The film starts from the scene where Rajiv is sitting on the stage with his mother and a huge crowd is cheering, could be anything, at first the impression is that it is a political rally but turns out that Shammi is owner of a factory and the people in front of him are employees, gathered to celebrate the silver jubilee of factory. In this scene, many things become clear to a viewer. Shammi Kapoor is playing a role of a rich man and once he has delivered his speech another fact emerges that he is not a typical kind of rich which is often portrayed in Hindi cinema. He is gentle and sort of a commie.
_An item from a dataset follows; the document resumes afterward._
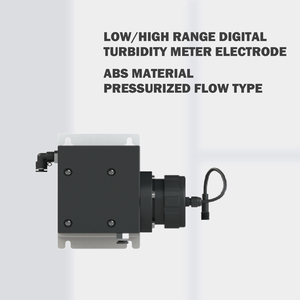 Customizable RS485 Modbus 4-20mA Turbidity Sensor Online Monitoring Water Quality <b>Tester</b> Digital Turbidity Sensor Online - Product Image 4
As it was a custom and still is in the subcontinent that when one reaches the age of twenty-five and has started earning he must be married off. The mother of Rajiv has been shown as a typical lady who holds to her old-school values staunchly. She suddenly desires that now his only son Rajiv should be married to a girl of her choice and this sudden desire of her looks a bit unnatural, not because of its content but timing. Another scheme should have been devised to jump from this final scene of initial phase to the next.
Kisi nakisi se
With this song playing in the background, Rajiv is now going to his house in Kashmir so that he no longer has any need to face his mom on his marriage issue. He meets the heroine while on his way and the first interaction between them is, however, a tad bit bizarre, but it is still as joyful to watch as it is to watch the pastoral views of the location of this film.
This film has numerous funny scenes to keep the viewer entertained;the tainted eyes of a sceptic viewer will get a good rinse by these scenes. Shammi Kapoor well-shaved, in a crisp suit and with a little shaky amble can never be assumed as an actor who could have full command of comical acting – but he has it, perfectly. The overall environment of this film, when it is not romantic, is comical.
Sharmila Tagore who is a flower-selling girl in Kashmir develops a below-the-surface affection for Shammi Kapoor and didn’t let it out until a time, which if had been altered by the scriptwriter could have put-off the viewer. It was love at first sight from Shammi Kapoor, almost, but Sharmila only voiced it after a couple of get-togethers.
The final half of the film is full of surprises. The twists of fate and dawning of little extra-dramatic realty give the film a taste of irony and shock from the viewer’s perspective. This part of the film obviously demands a very different kind of acting from the actors who previously were immersed in their own worlds taking little notice of their surroundings. Gladly they haven’t disappointed.
The best scenes are many in this film and from every phase of it one or two can be put on display, but the most influential scene in the film remains when Rajiv has to gulp down a bitter reality about his real parentage with a big peg of single malt whisky. He doesn’t drink as another scene from the beginning of this film confirms, but here to pacify the shock of truth he finds no other way better than this.
This film is fine on emotions, good on acting and great on the storyline. It is not every day that gems like this are brought from imagination into solid reality.